Zoom (ZM) - Get Report shares rose more than 5% by mid-afternoon Thursday on a new product launch, but investors who are skeptical of how much more the stock can run may want to take a look at the way the company is capitalizing on the changing world.
The stock is up more than 680% this year to above $530 a share for a market cap of $150 billion. That’s a move not just about accelerated adoption of at-home and video services, but, according to some analysts, one that reflects that the world is becoming more aware of the increasingly seamless ability to function from home for work and socializing.
Zoom is positioned to see revenue of about $2.4 billion in 2021, according to estimates from FactSet. That’s an almost 300% growth rate year-over-year. The stock trades at more than 60 times enterprise value to sales, more than twice the valuation of many software-as-a-service companies.
Of course, Zoom may have pulled forward some demand from outer years in the valuation. That is a dynamic reflected in many growth tech stocks across different industries, as the Nasdaq 100 is still down 4.5% since September 2.
Zoom shares, on the other hand, have risen since the start of September. On Thursday, the up move was on the back of management’s announcement of a new product: OnZoom. This allows businesses and people to host events, including ticketed events, among other related gatherings. One type of monetization Zoom will pursue will be a revenue-sharing agreement.

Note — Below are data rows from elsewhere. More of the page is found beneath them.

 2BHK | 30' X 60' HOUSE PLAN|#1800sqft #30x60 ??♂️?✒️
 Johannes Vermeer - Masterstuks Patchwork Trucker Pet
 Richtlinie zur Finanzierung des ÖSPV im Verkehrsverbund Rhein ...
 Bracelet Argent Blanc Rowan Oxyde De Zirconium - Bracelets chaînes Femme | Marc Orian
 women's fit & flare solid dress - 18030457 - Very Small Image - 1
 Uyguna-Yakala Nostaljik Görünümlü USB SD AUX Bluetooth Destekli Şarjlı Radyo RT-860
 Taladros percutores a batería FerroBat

But it isn’t just the new product that can make one bullish on Zoom. As Zoom proves itself as one of the most usable and helpful tools for people and businesses, it can up-sell its existing customers. Mizuho analyst Siti Panigrahi wrote in a note out this week that he conservatively estimates that 10% of Zoom’s existing business customers that pay less than $100 a year as a subscription will soon pay more than that amount, as Zoom charges up and businesses stick with the highly productive platform. That, Panigrahi says, would add about $3 billion in the annual revenue stream, making this conservative estimate one that provides explosive upside to revenue.

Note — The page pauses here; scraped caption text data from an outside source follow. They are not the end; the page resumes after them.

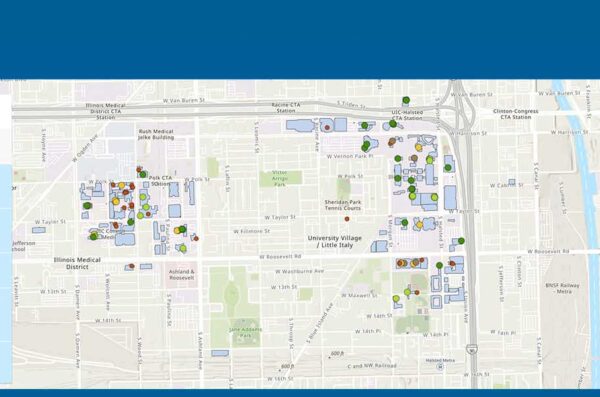 All-Gender map at UIC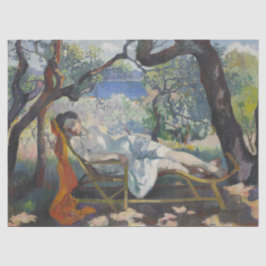 ジエスタ（ジャンヌがロッキングチェアで休む） 薄葉紙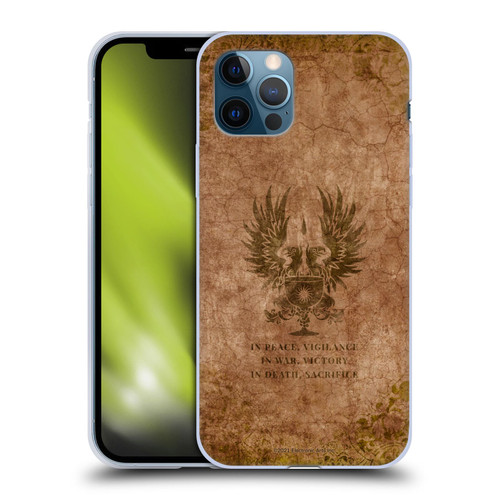 EA Bioware Dragon Age Heraldry Grey Wardens Distressed Soft Gel Case for Apple iPhone 12 / iPhone 12 Pro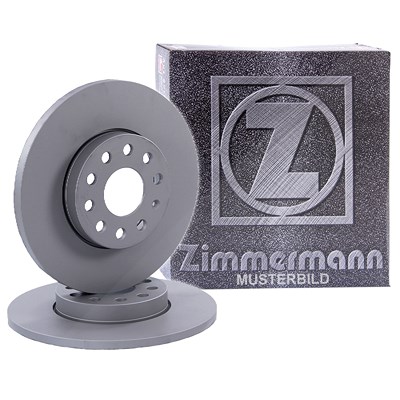 Zimmermann 2x Bremsscheibe Hinterachse Voll [Hersteller-Nr. 100.3320.20] für Audi von Zimmermann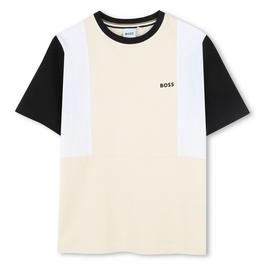 Boss Block Logo T Shirt Junior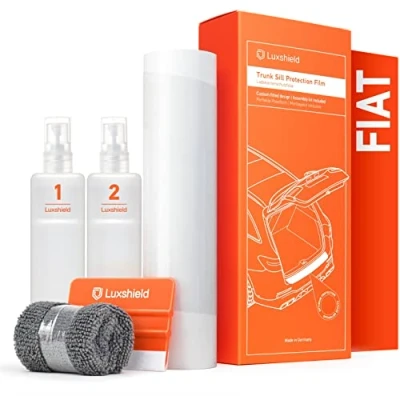 Abbildung von Luxshield Ladekantenschutz Folie für FIAT 600 364/365 I 2023 2024 Stoßstangenschutz, Kratzschutz, Lackschutzfolie Transparent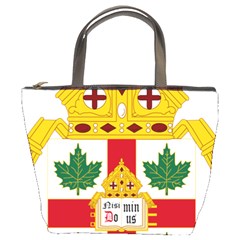 Coat Of Arms Of Anglican Church Of Canada Bucket Bag by abbeyz71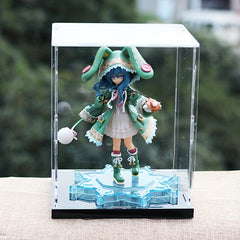 Transparent Acrylic Collectible Display Box Dustproof Storage
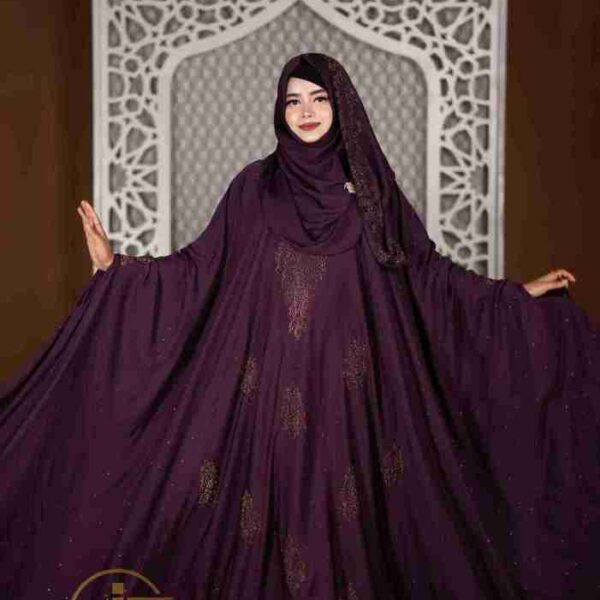 💕𝐁𝐫𝐢𝐝𝐚𝐥 𝐋𝐮𝐱𝐮𝐫𝐲 𝐏𝐫𝐢𝐧𝐜𝐞𝐬𝐬 𝐀𝐛𝐚𝐲𝐚💕 Deep Purple Color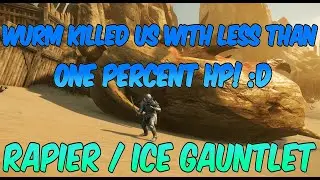 Sandwurm PvE Build Rapier IG *failed at 1%* Raid in New World Aeternum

International expansion across products is also expected to be explosive and Panigrahi notes that only 29% of Zoom’s revenue is overseas, underscoring the lower level of video conferencing adoption outside the U.S.

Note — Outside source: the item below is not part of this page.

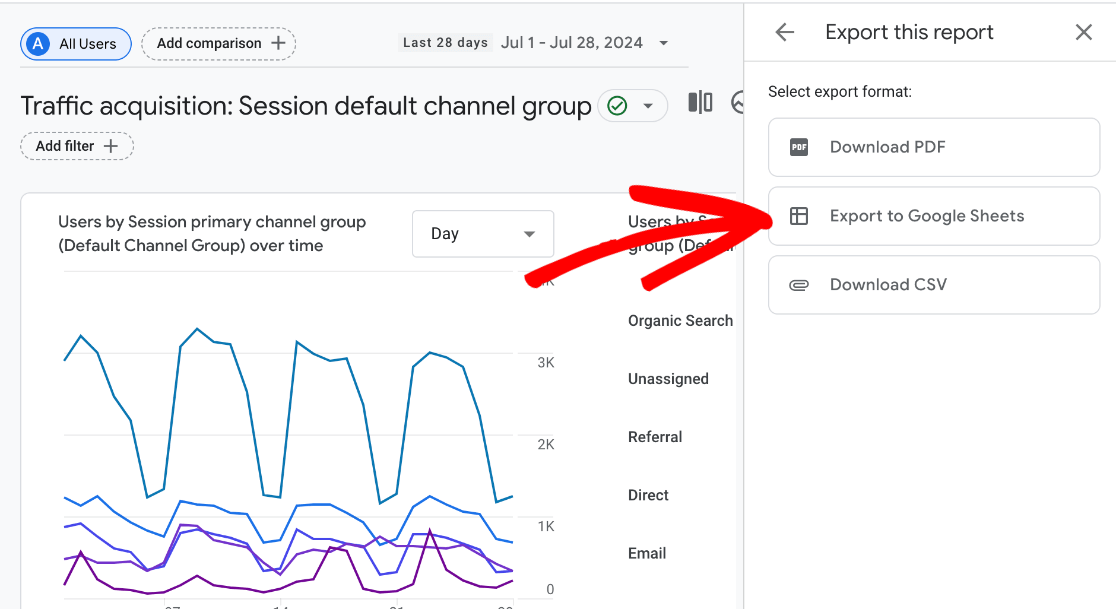 share ga4 report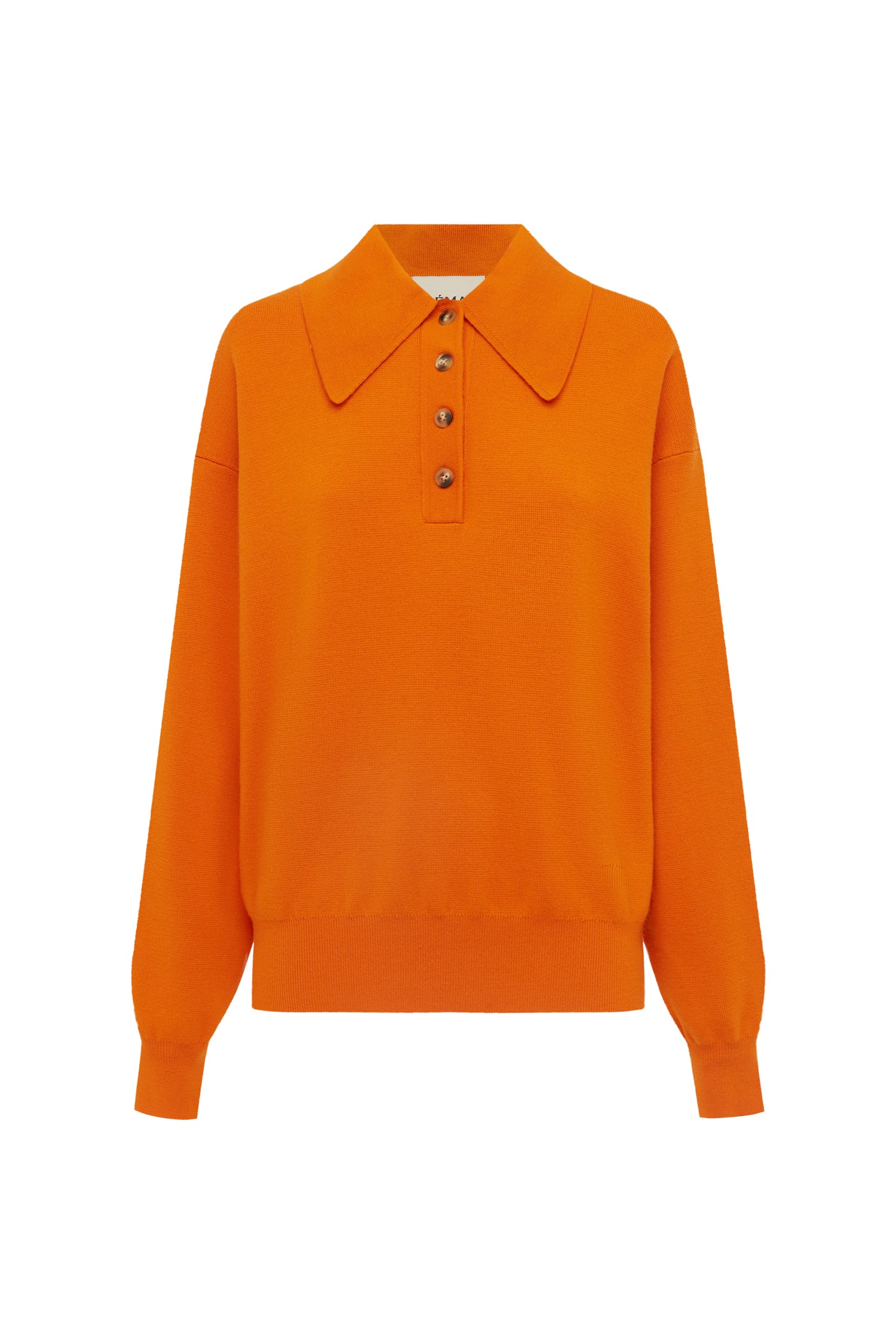 Claudia Tangerine Knit Polo jacket Alèmais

For the above reasons -- and Zoom is more than profitable -- Panigrahi says a valuation close to 60X Ev-to-sales is justified as a growth-adjusted premium to software-as-service comparables.
And although the risk of a back-to-normal economy stunting adoption of some services is on the minds of investors, the sheer awareness, which has already expanded Zoom’s total available market, may overpower that threat. Businesses and people may still adopt new at-home services because it’s now clear how powerful and convenient they are.
Now, is Zoom fully priced? Panigrahi’s $550 price target doesn’t leave much upside. And the average price target on Wall Street is below $500. Still, with each new year of explosive revenue growth -- and excluding extreme valuation compression -- the stock could still run. Certainly, the fundamentals leave a field of opportunity for Zoom to boost its valuation from here over time.